Recorded information
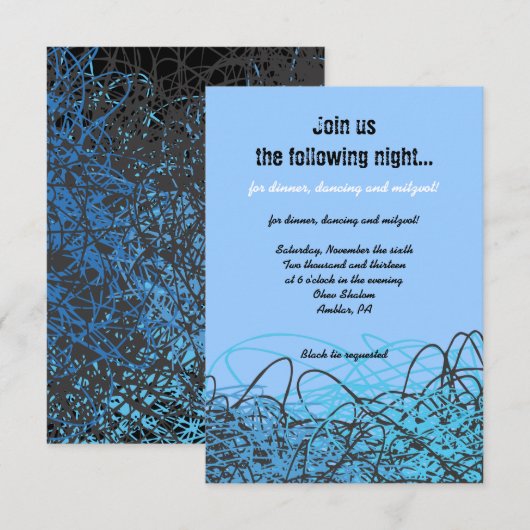 CRAZY MUSICAL NOTES Bar Bat Mitzvah Party Card Kaart (Voorkant / Achterkant)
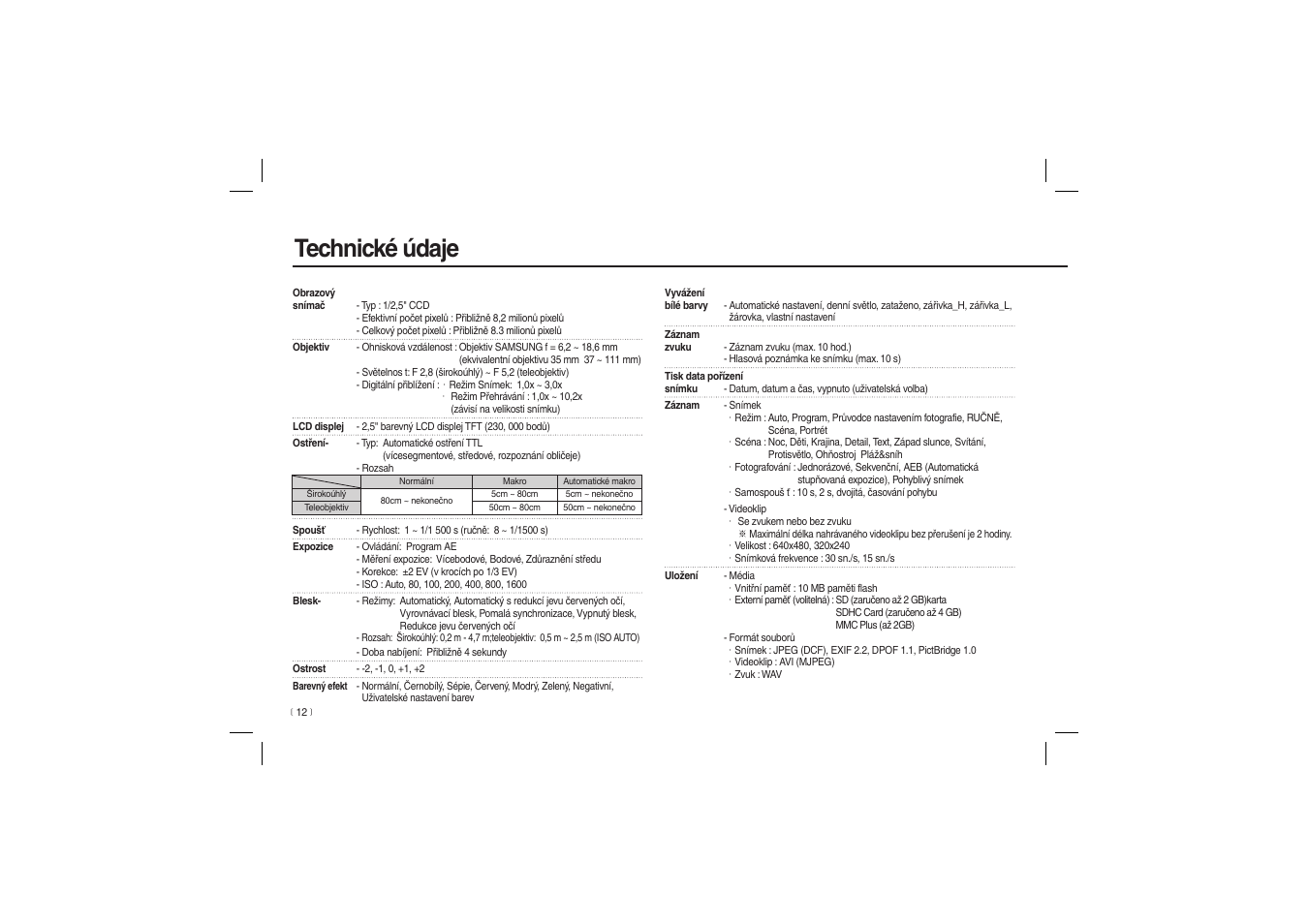 Technické údaje | Samsung EC-L100ZBBA-US User Manual | Page 93 / 162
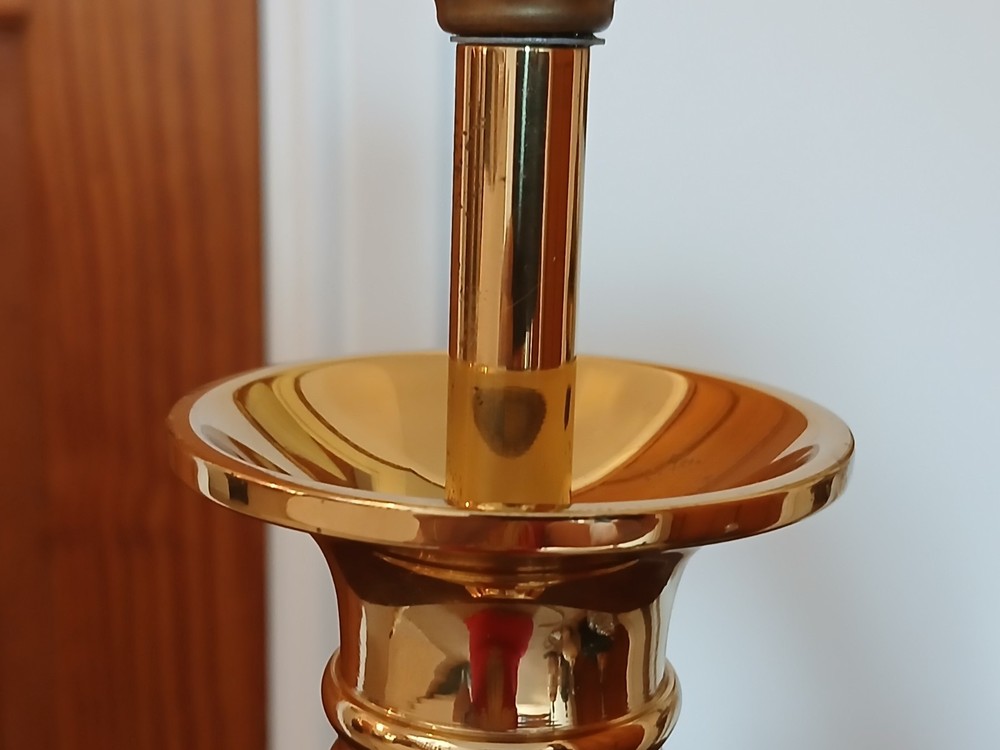 SEARCHLIGHT Brass and black column table lamp base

Work item
What is needed is an exact copy of all the data, with no images in it.

Response to this task
 CRAZY MUSICAL NOTES Bar Bat Mitzvah Party Card Kaart (Voorkant / Achterkant)
 Technické údaje | Samsung EC-L100ZBBA-US User Manual | Page 93 / 162
 SEARCHLIGHT Brass and black column table lamp base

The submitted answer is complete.